EXERCISE DETAILS
Extract the line that contains "Autism Awareness Acceptance" and every line after it through the end of the records below, exactly as written, leaving out any pictures.

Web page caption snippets

+ + +

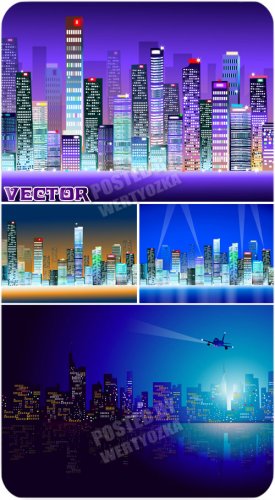     ,  / Vector background with night city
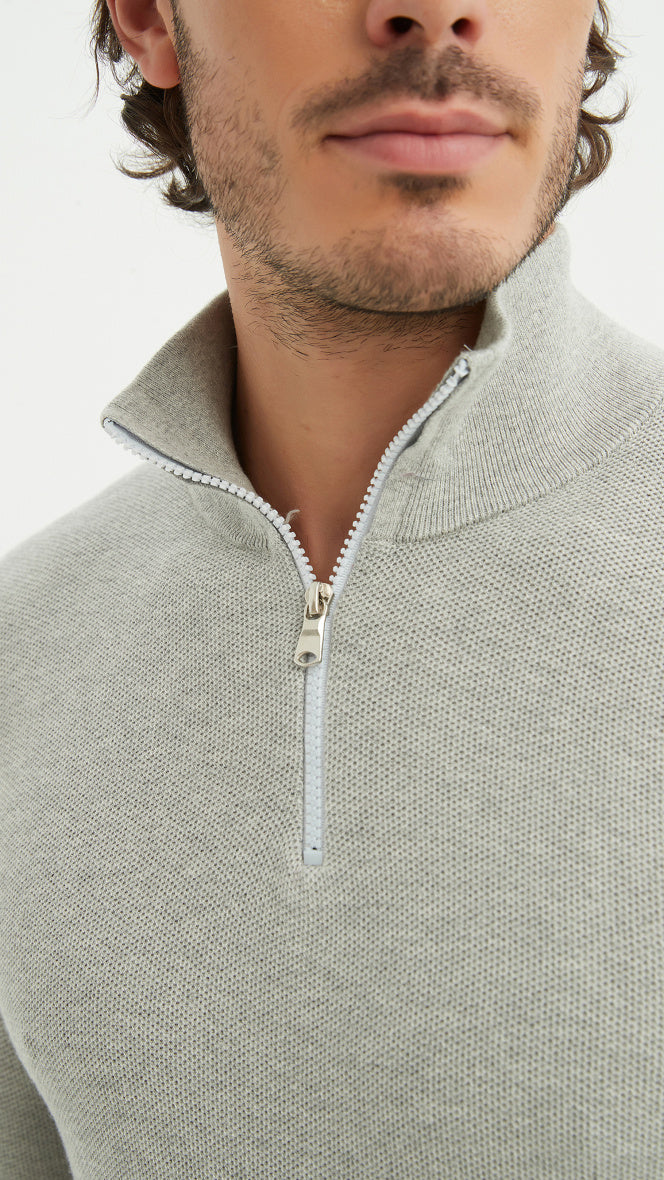 Cotton pique collar- Premium zip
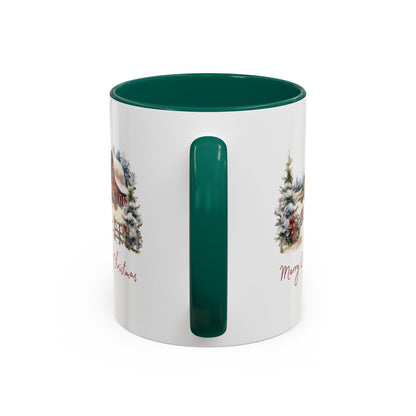 Merry Country Christmas with Red Barn Mug (11/15oz)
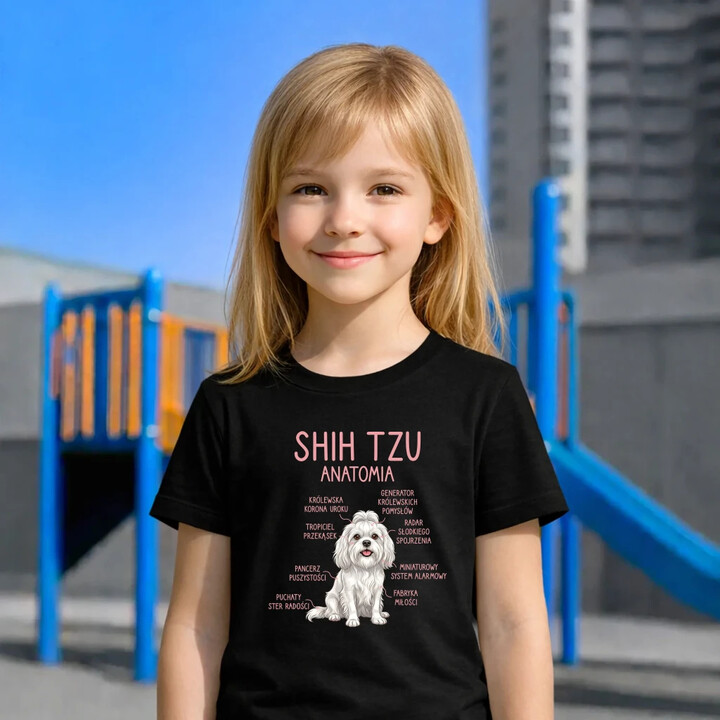 Shih Tzu  anatomia - dziecięca koszulka na prezent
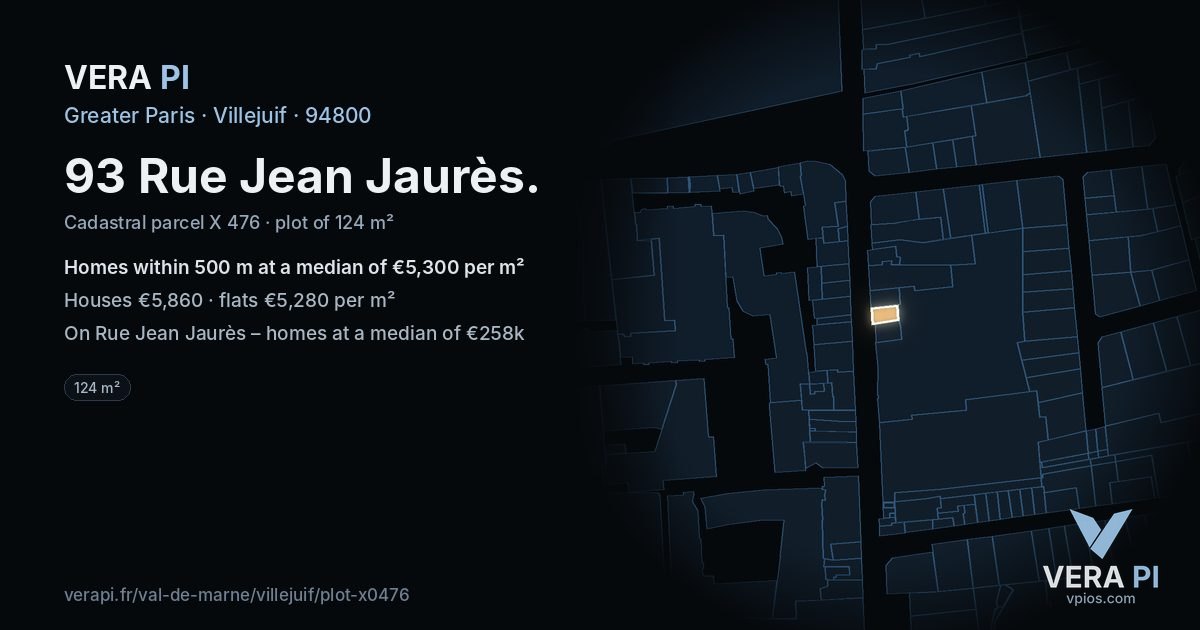 93 Rue Jean Jaurès, Villejuif at night – the plot lit, the parcels around coloured by the prices near them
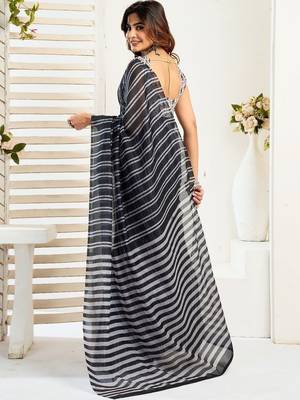 Black black linen printed ready to wear saree 2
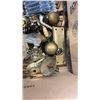 Image 8 : BOX OF DOOR HANDLES, KNOBS, STAPLERS, TOOLS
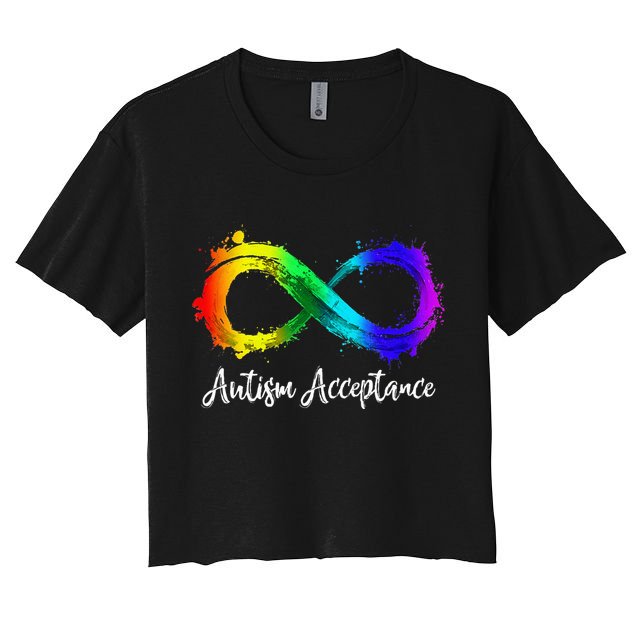 Autism Awareness Acceptance Rainbow Infinity Symbol Women's Crop Top Tee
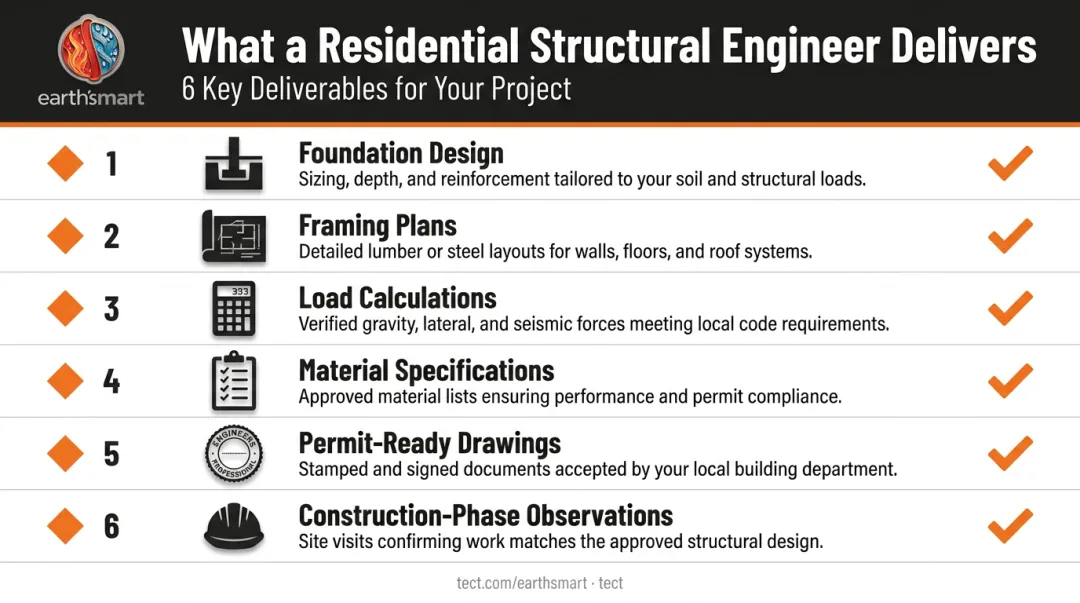 Six structural engineering residential deliverables checklist infographic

+ + +

TASK OUTPUT
 Autism Awareness Acceptance Rainbow Infinity Symbol Women's Crop Top Tee
 Six structural engineering residential deliverables checklist infographic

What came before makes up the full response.